Repeat exactly the lines of the material below that run from the "Schwarzweißaufnahme eines großen" line to the "interior space with" line, including both, and do not carry over any pictures.

* **THE DATA**

━━━

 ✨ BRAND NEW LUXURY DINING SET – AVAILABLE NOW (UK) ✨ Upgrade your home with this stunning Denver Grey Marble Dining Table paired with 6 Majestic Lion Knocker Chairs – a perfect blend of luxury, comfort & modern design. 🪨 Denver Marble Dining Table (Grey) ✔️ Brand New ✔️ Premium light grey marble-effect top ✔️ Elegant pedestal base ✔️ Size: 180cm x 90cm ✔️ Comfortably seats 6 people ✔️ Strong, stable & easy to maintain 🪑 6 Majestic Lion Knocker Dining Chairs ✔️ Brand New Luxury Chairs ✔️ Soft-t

━━━

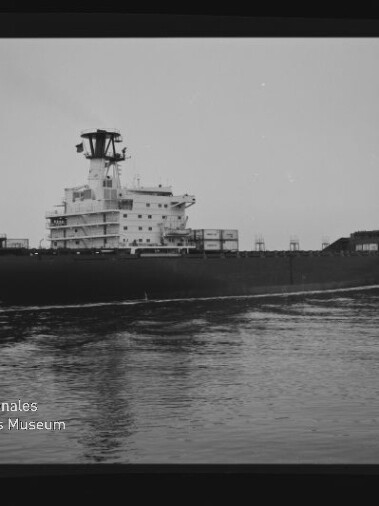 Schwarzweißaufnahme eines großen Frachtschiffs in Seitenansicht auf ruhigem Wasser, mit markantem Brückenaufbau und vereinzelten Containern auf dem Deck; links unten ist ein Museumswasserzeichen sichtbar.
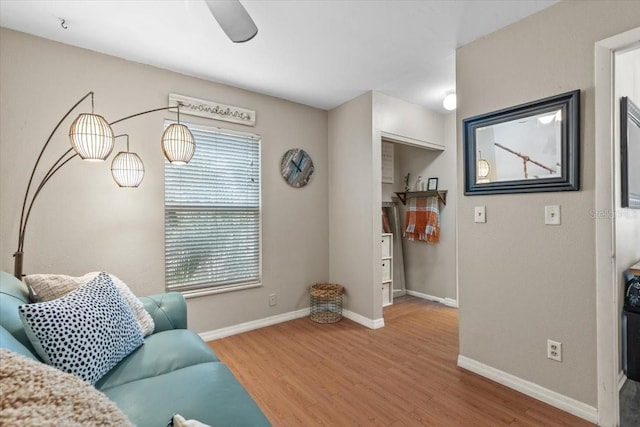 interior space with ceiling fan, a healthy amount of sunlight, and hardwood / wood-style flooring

━━━

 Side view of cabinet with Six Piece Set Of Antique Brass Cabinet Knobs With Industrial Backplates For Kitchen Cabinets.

━━━

* **TASK OUTPUT**
 Schwarzweißaufnahme eines großen Frachtschiffs in Seitenansicht auf ruhigem Wasser, mit markantem Brückenaufbau und vereinzelten Containern auf dem Deck; links unten ist ein Museumswasserzeichen sichtbar.
 interior space with ceiling fan, a healthy amount of sunlight, and hardwood / wood-style flooring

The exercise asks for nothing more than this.